§ **Description of the task**
A word-for-word copy of every entry below is required; the images do not belong in it.

*** Supplied material Section Begins ***

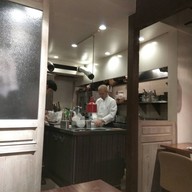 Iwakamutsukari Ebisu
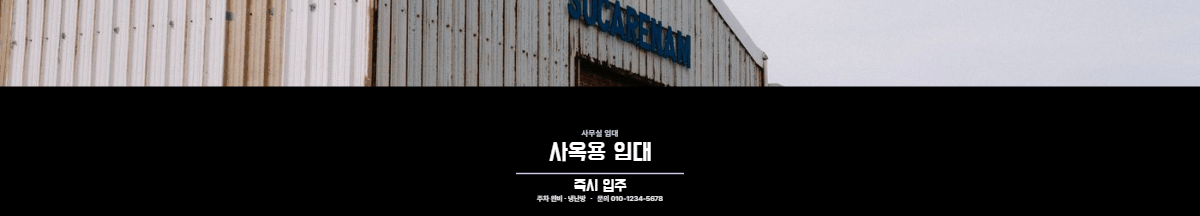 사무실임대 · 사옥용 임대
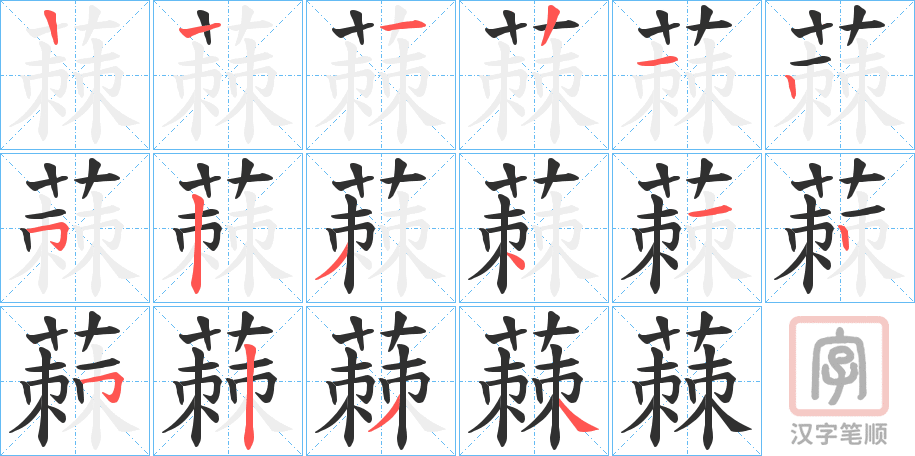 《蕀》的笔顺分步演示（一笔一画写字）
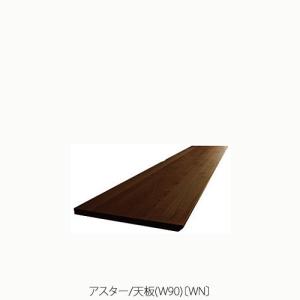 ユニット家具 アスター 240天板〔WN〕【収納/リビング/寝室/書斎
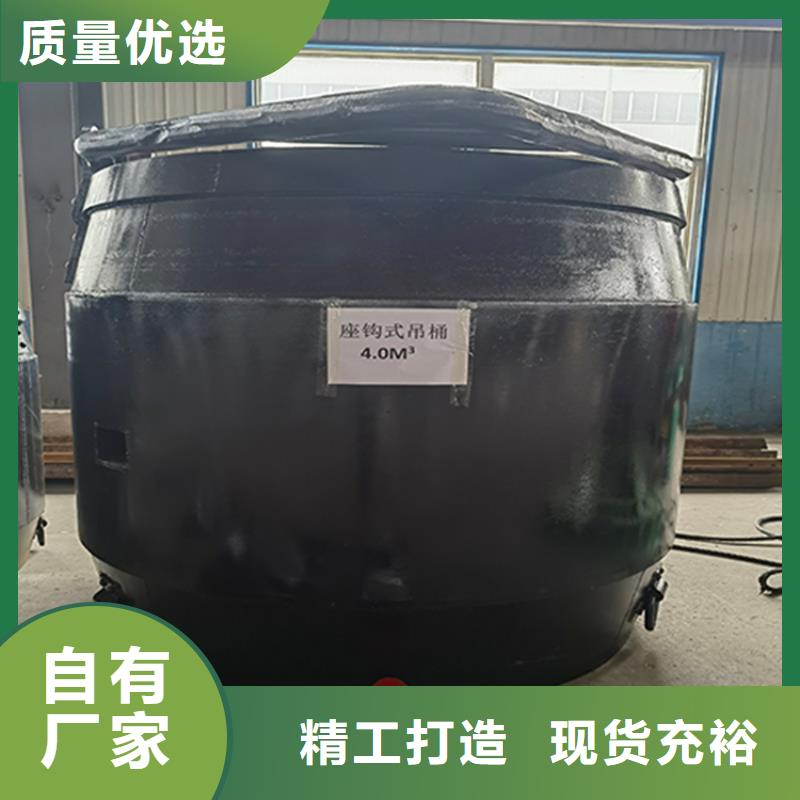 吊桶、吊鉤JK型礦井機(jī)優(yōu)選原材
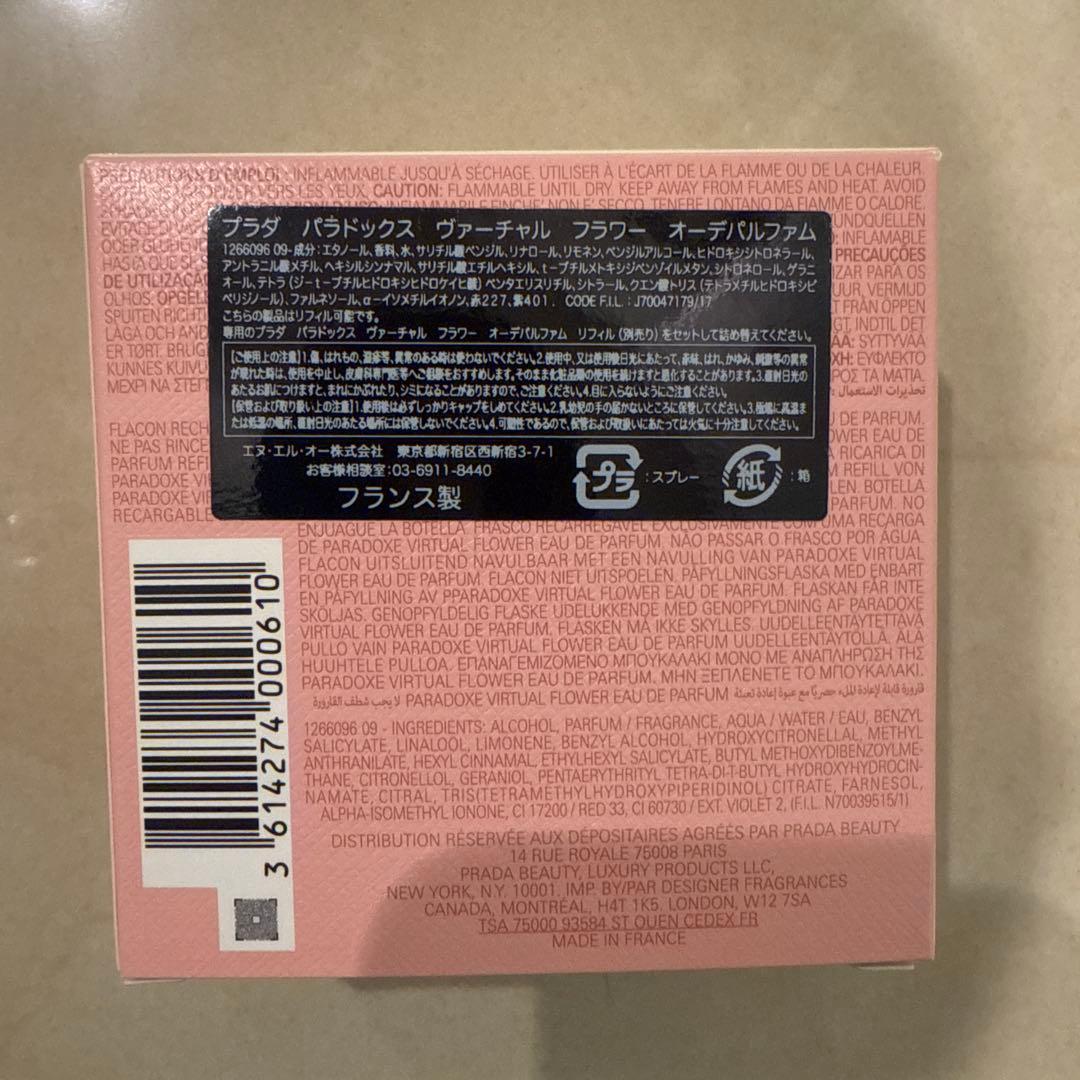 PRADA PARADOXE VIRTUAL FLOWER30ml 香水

*** Supplied material Section Ends ***

§ **Solution to the exercise**
 Iwakamutsukari Ebisu
 사무실임대 · 사옥용 임대
 《蕀》的笔顺分步演示（一笔一画写字）
 ユニット家具 アスター 240天板〔WN〕【収納/リビング/寝室/書斎
 吊桶、吊鉤JK型礦井機(jī)優(yōu)選原材
 PRADA PARADOXE VIRTUAL FLOWER30ml 香水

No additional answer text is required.